Try it> Look below for the lines from the one with "New 2026 Cadillac" to the one with "Propane Forklifts 2019", and copy exactly those lines, both ends included.

Data>

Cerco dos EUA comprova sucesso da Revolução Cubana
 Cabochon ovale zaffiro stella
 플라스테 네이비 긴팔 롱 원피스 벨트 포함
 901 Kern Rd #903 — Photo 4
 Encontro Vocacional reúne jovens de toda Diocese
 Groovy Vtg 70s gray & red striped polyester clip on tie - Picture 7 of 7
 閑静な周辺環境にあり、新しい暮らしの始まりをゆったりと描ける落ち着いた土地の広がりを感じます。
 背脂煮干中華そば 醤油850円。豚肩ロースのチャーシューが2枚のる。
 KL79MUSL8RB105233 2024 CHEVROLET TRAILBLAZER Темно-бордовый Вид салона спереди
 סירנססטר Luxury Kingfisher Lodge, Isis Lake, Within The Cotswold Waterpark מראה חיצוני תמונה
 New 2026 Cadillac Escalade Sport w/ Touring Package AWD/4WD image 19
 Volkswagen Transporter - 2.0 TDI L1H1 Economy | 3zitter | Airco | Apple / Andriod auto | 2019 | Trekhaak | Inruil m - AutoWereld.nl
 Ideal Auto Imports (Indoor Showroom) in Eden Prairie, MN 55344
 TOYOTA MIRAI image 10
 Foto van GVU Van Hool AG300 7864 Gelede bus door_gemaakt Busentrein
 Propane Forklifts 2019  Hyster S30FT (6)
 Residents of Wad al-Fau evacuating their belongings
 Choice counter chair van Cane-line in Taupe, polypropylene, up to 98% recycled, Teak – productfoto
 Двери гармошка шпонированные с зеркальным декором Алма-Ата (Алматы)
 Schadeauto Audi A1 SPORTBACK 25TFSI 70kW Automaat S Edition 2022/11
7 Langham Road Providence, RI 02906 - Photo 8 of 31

Your solution>
 New 2026 Cadillac Escalade Sport w/ Touring Package AWD/4WD image 19
 Volkswagen Transporter - 2.0 TDI L1H1 Economy | 3zitter | Airco | Apple / Andriod auto | 2019 | Trekhaak | Inruil m - AutoWereld.nl
 Ideal Auto Imports (Indoor Showroom) in Eden Prairie, MN 55344
 TOYOTA MIRAI image 10
 Foto van GVU Van Hool AG300 7864 Gelede bus door_gemaakt Busentrein
 Propane Forklifts 2019  Hyster S30FT (6)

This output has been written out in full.